# Cage Sizes



## Toast (Nov 11, 2009)

I have one 20 gallon cage and 3 five gallon cages. How many mice should that hold?


----------



## Jack Garcia (Oct 9, 2009)

It depends on the size of the mice and how the tanks are decorated. The more surfaces there are for the mice to crawl on, under, and through, the more space there is for them overall.

I keep each of my single, large males in a 5 US gallon tank, plastic tub, or critter keeper (all are about 5 US gallons), either with or without a wheel.

The does live in modified plastic bins which are about 14 US gallons and I keep two or three adult does to each. I also use these as nurseries.

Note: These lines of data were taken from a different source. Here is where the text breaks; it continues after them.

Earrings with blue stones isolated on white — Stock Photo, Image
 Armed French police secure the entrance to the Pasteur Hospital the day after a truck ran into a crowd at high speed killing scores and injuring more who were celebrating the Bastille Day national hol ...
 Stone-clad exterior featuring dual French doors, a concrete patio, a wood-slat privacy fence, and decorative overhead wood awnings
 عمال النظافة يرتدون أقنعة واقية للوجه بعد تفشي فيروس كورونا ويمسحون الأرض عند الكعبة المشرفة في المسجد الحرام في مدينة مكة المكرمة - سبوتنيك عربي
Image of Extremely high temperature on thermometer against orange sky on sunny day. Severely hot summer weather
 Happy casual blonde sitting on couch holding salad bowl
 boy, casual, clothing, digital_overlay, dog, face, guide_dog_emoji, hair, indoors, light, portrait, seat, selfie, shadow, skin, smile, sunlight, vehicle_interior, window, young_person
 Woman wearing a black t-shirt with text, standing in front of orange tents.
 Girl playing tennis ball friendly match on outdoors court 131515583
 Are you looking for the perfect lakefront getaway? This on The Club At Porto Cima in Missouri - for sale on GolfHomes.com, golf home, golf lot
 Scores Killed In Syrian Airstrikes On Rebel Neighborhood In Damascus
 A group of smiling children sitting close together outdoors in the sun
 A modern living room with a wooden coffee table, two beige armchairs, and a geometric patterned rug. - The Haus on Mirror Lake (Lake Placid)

For a 20 gallon, it depends. Is it a 20 long or a 20 tall? More can fit in a 20 long, for obvious reasons. I don't use tanks that large though, so I will let someone else speak to that.


----------



## Lime Green Mouse (Nov 13, 2009)

Here's a link to a pretty good calculator, unfortunately, the one I usually go by when double-checking myself was hosted on geocities, and is now gone. The calculator towards the bottom of the webpage goes by dimensions, so there won't be any question about how large your 20 gallon cage is.  It's pretty liberal, though, you don't necessarily need this much space per mouse:

http://www.thefunmouse.com/info/cagecalculator.cfm

Those numbers are for females, because males (unless they're littermates, who seem to get along better than strangers, but I've heard that once they start breeding they become more aggressive to other males) are territorial, and in too small of a space, will smell the other males all over everything and become aggressive. If you have a 20 gallon long, and I'm only trying to picture it, not looking at one, so don't quote me, but I'd say you could go up to 15 or so mice before it's TOO crowded, but I wouldn't keep it that way. 5-10 would be my guess at happy mice, especially with hiding places. As for the five gallons, you could probably do 1-3 females or one male, or use them for birthing cages. Just guesses. You can probably just put something similarly sized to your mice in the tank, visualize it, and use common sense about it.


----------



## moustress (Sep 25, 2009)

In my mousery, I have all sorts of different population of meeces in similar cages. Some ten gallon tanks have only 3 or 4 in them; some have eight or ten. I try to house meeces of similar age together wherever possible. Family groupings like mother and daughters or father and sons work well enough in many cases. Both bucks and does often become less accepting of any new meece after having been bred, so that sometimes ends up with one or two of them being moved in order to maintain peace. I have about a half a dozen bucks housed separately, and some of those were removed for health issues. They remain in bachelor quarters after completion of their treatment. Each situation is handled according to the very simple principle of what works and what doesn't. I'm a big fan of that principle in most areas of my life, actually.


----------



## Toast (Nov 11, 2009)

Thanks.  This really helped a lot!


----------